Partial autocorrelation plot of the predicted residuals looks much better than the one for STL decomposition. Ljung-Box tests is doing definitely better as well; p-value for monthly lags is a bit low but still acceptable.

I also output SMAPE over time for the training (2013 - 2016) and validation (2017 Q1) data, smoothed using LOWESS for better visibility. On average, SMAPE is around 15 and 16 for the training and validation data, respectively. Of course, we yet have no idea how it would perform on the real test data (2018 Q1). 

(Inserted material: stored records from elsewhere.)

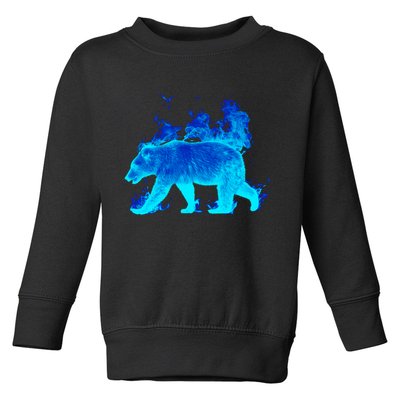 Wild Bear On Fire Toddler Sweatshirt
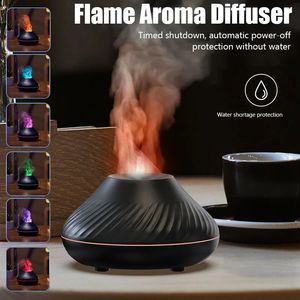 Flame Arom Diffuser Air Firidifier Home Ultrasonic Mist Maker Fogger Essential Oil Difusor med LED Color Flame Lamp Purifier 240322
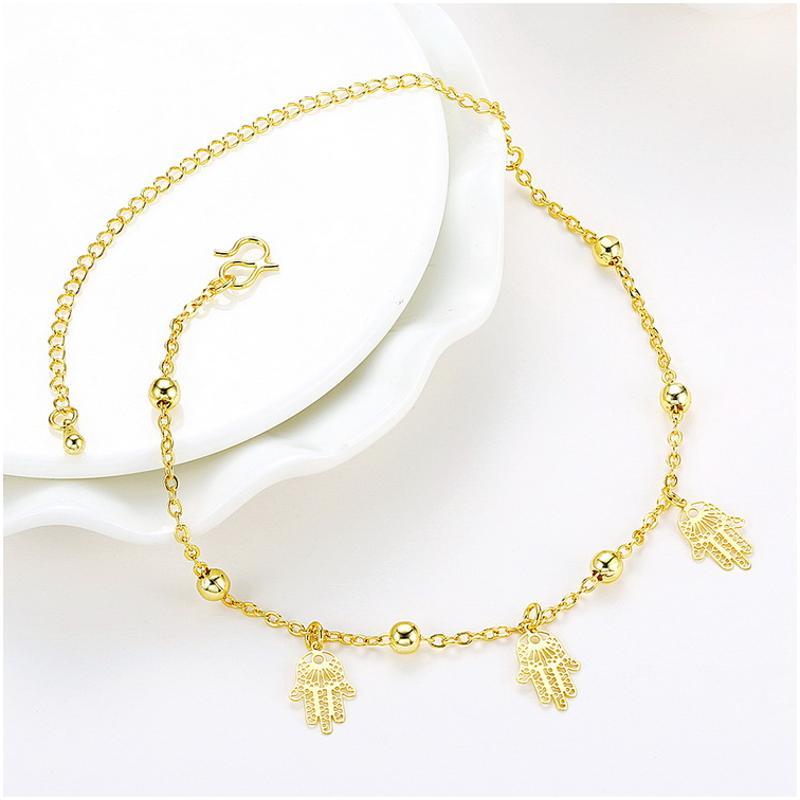 A047-A Women 18K yellow gold anklet jewelry 镀黄金色女脚链潮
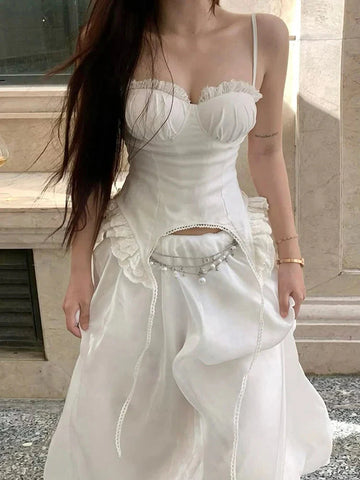 Patchwork Lace Camisole Y2K Strapless Fungus Edge Irregular Hem Tassel Skinny Backless Classic Tops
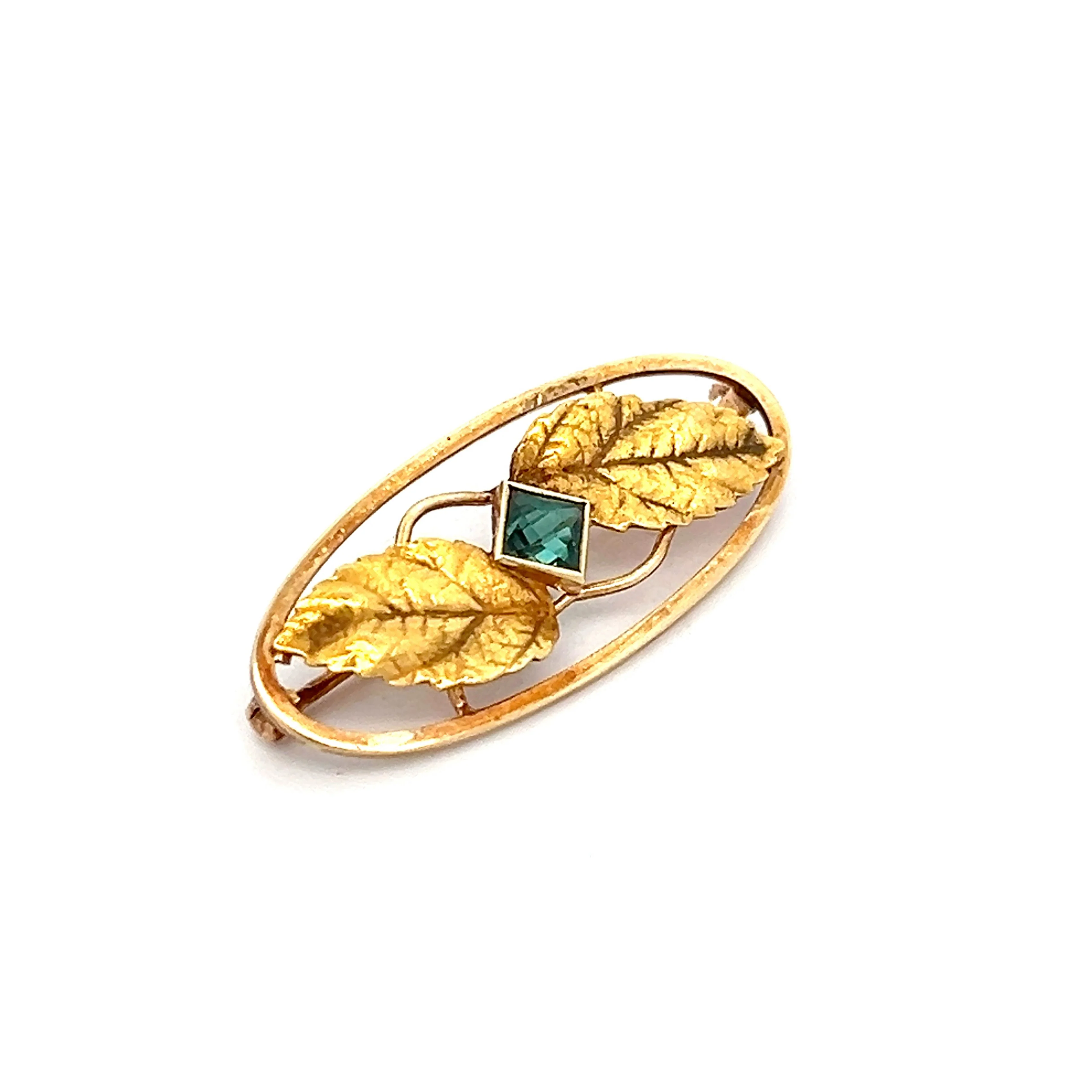 .35 Green Tourmaline Art Nouveau Brooch in 14k Yellow Gold - Image 3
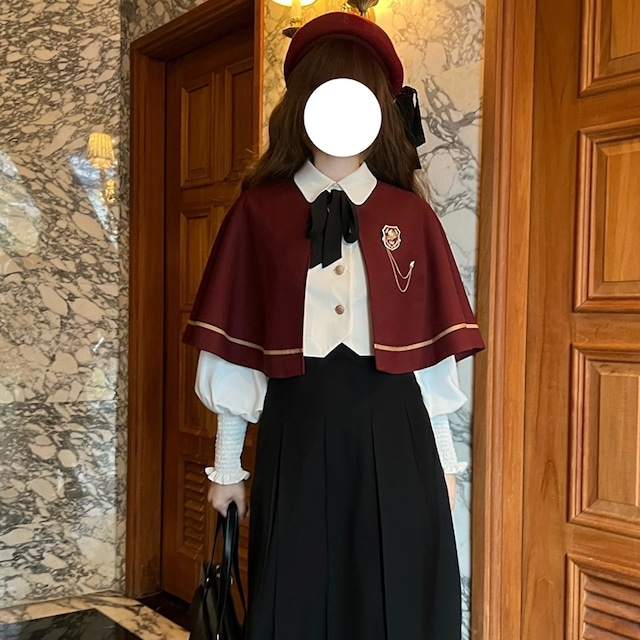 With U ゴスロリ系 ゴシック ロリィタ マント ショート 学園服 制服 JK クラロリ レトロ 甘め  可愛い コンカフェ イベント衣装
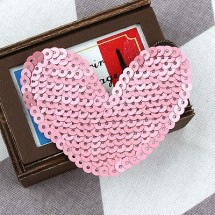 핑크/하트스팽글(원단장식)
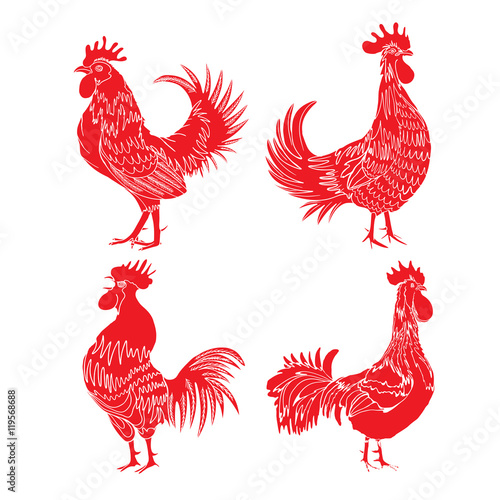 Set of roosters as animals zodiac symbols for Chinese New year 2017. Hand drawing collection of cocks design elements for Chinese New year cards. Chinese Year of the Rooster zodiac emblem bundle.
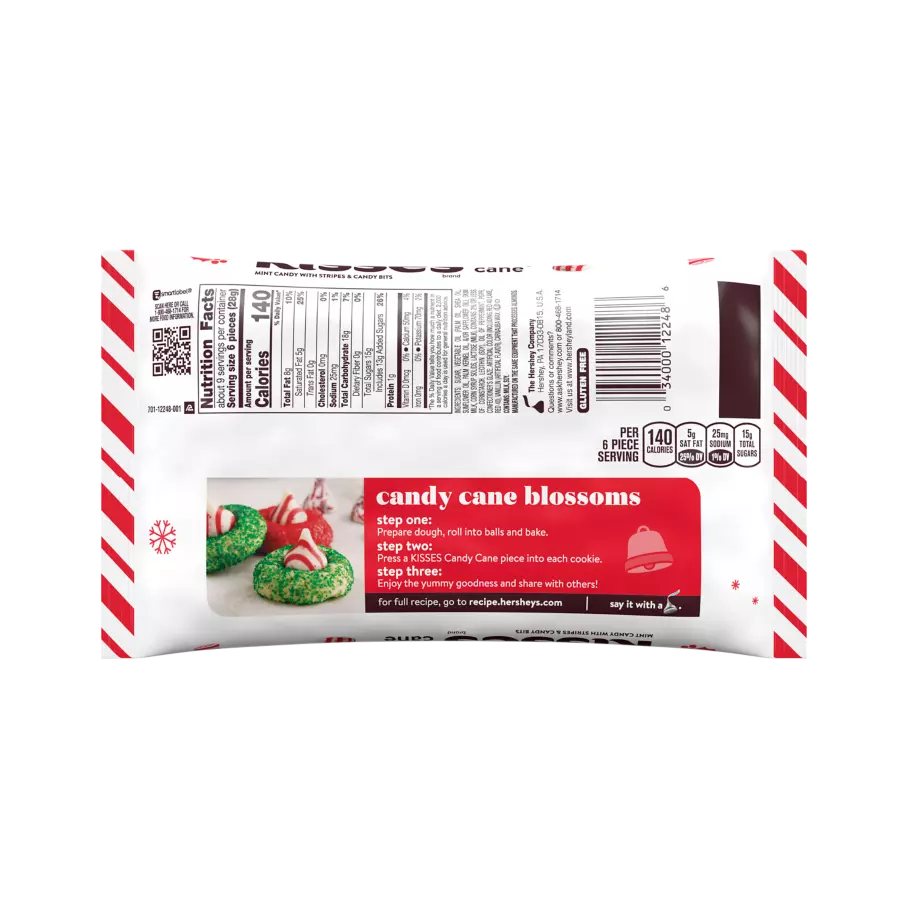 HERSHEY'S KISSES Candy Cane Flavored Mint Candy, 9 oz bag - Back of Package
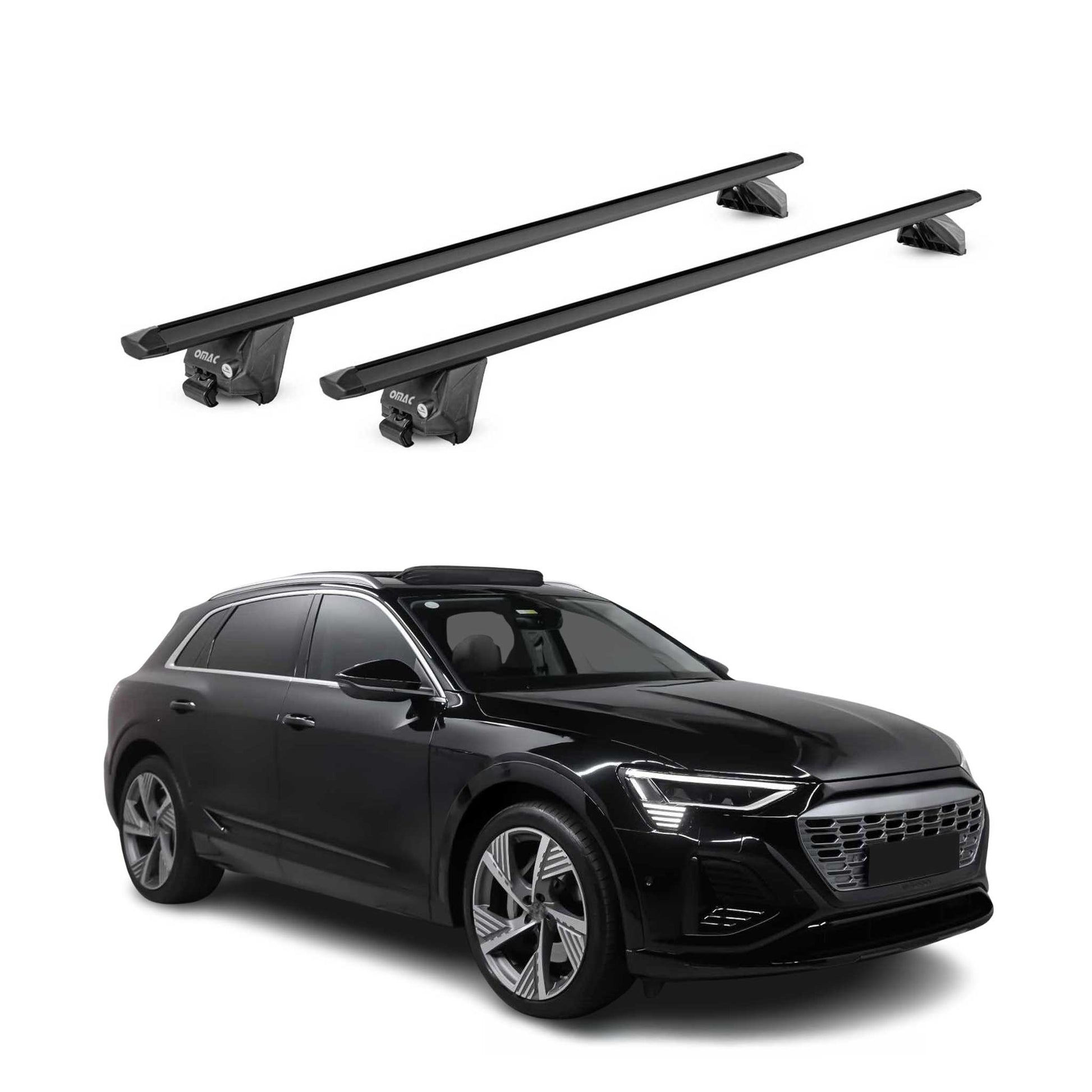 Dachträger Grundtäger für Audi e-Tron 2018-2025 100kg Alu Schwarz 2 tlg ABE OMAC DE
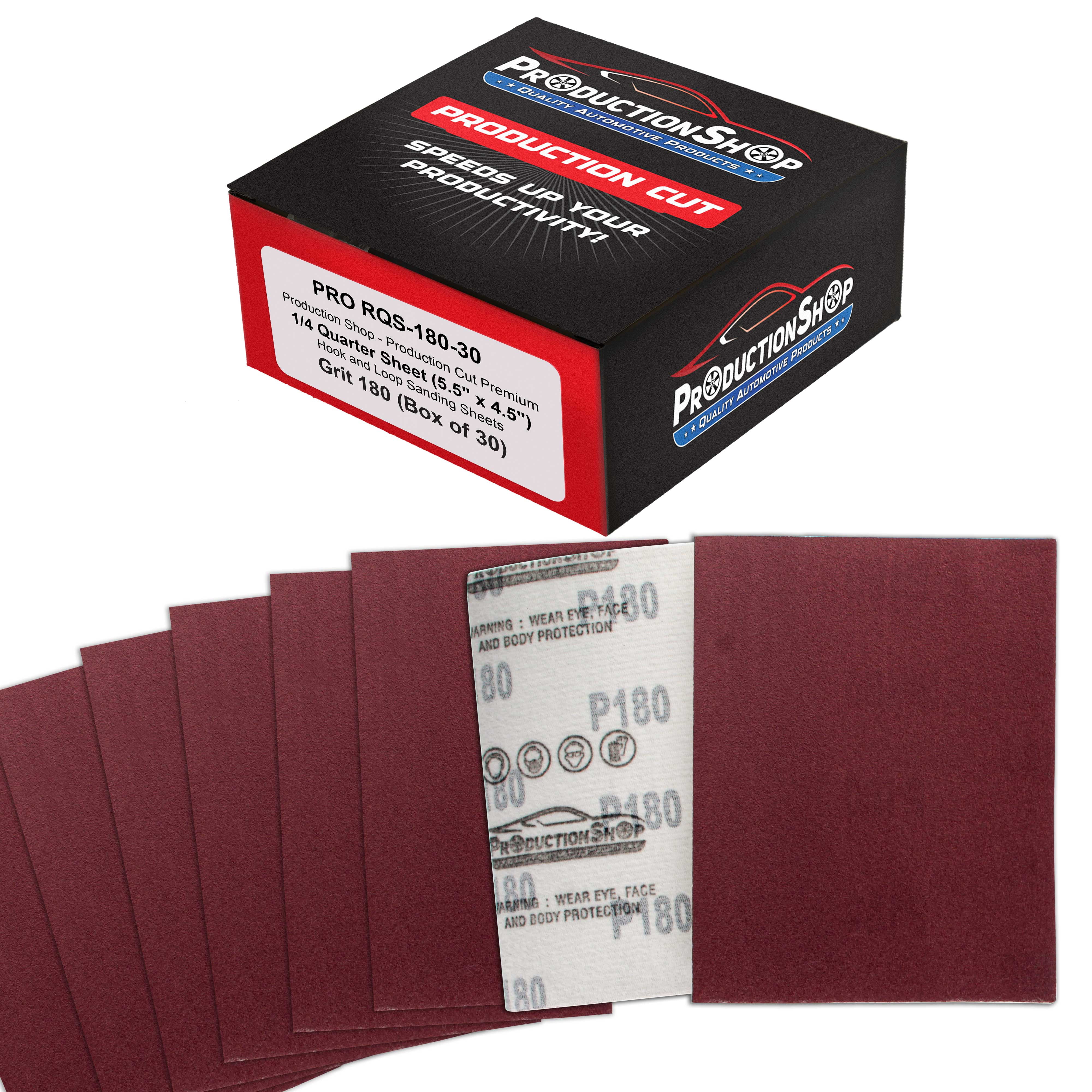 ProductionShop Red 180 Grit 1/4 Sheet Size Red Sanding Sheets, Box of ...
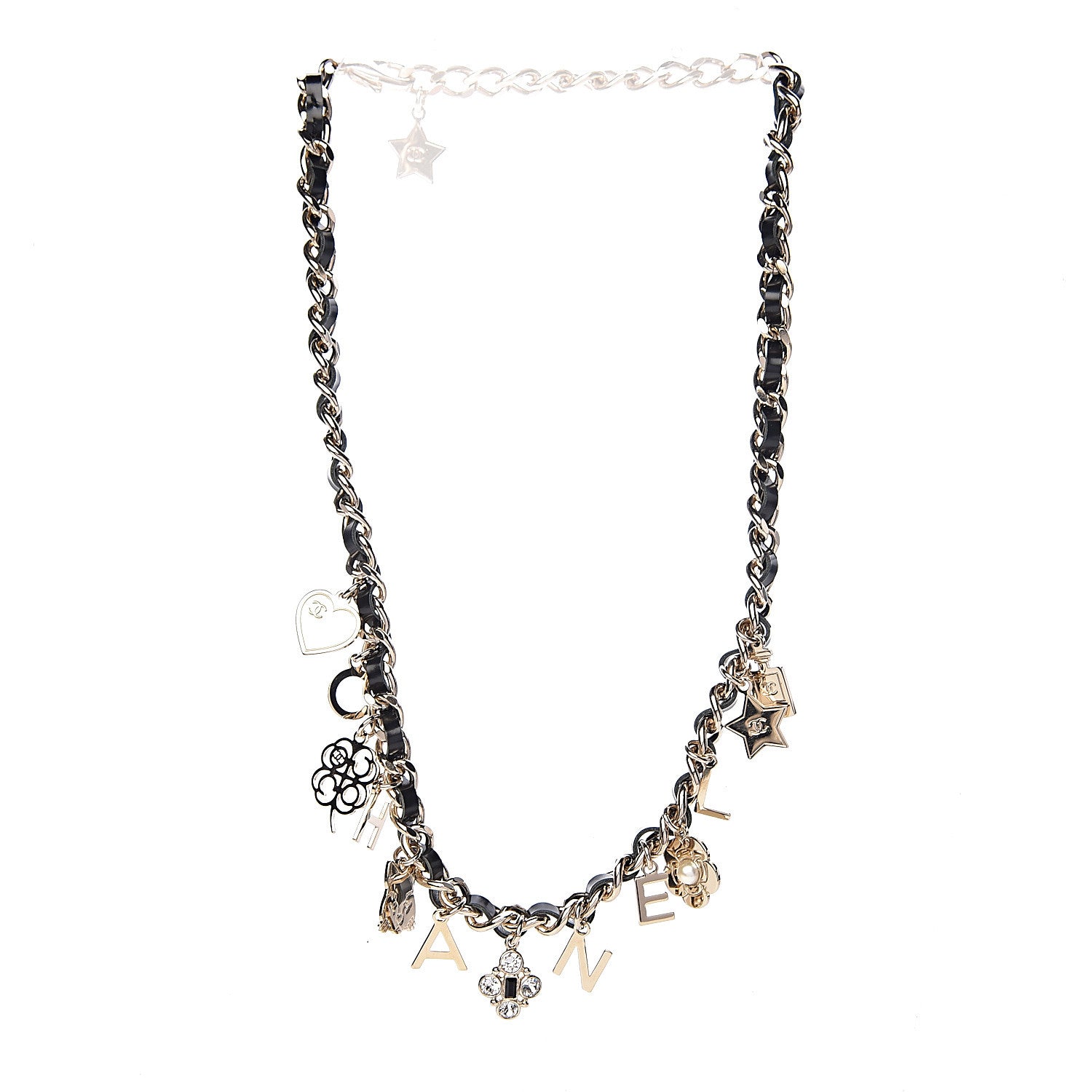 Chanel Glazed Calfskin Crystal Pearl Charm Short Necklace Black Gold 3 of 6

Overall, the results look okay.

In [None]:
# SMAPE - the official metric for the submission

def smape(y: Union[np.ndarray, float], yhat: Union[np.ndarray, float], average=True, signed=False) -> float:
    """SMAPE evaluation metric"""
    
    if signed:
        result = 2. * (yhat - y) / (np.abs(y) + np.abs(yhat)) * 100
    else:
        result = 2. * np.abs(yhat - y) / (np.abs(y) + np.abs(yhat)) * 100
    if average: return np.mean(result)
    return result

def smape_df(df: pd.DataFrame, average=True, signed=False) -> pd.DataFrame:
    return smape(df.y, df.yhat, average=average, signed=signed)

In [None]:
# -- TODO: Add Ipywidgets?

def prophet_show(item, store, cutoff_train, cutoff_eval, prophet_kwargs, title, 
                 plot_components=True, display_df=True):
    ts = (df_train.query('item == @item & store == @store & date < @cutoff_eval')[['date', 'sales']]
          .rename(columns={'date':'ds', 'sales':'y'})).reset_index(drop=True)
    ind_train = pd.eval('ts.ds < cutoff_train')
    ind_eval = ~ ind_train
    len_train, len_eval = ind_train.sum(), ind_eval.sum()
    ts_train = ts.loc[ind_train]
    m = Prophet(**prophet_kwargs)
    m.fit(ts_train)
    ts_hat = m.predict(ts).merge(ts[['ds', 'y']], on='ds', how='left')
    if display_df: display(ts_hat.tail(3))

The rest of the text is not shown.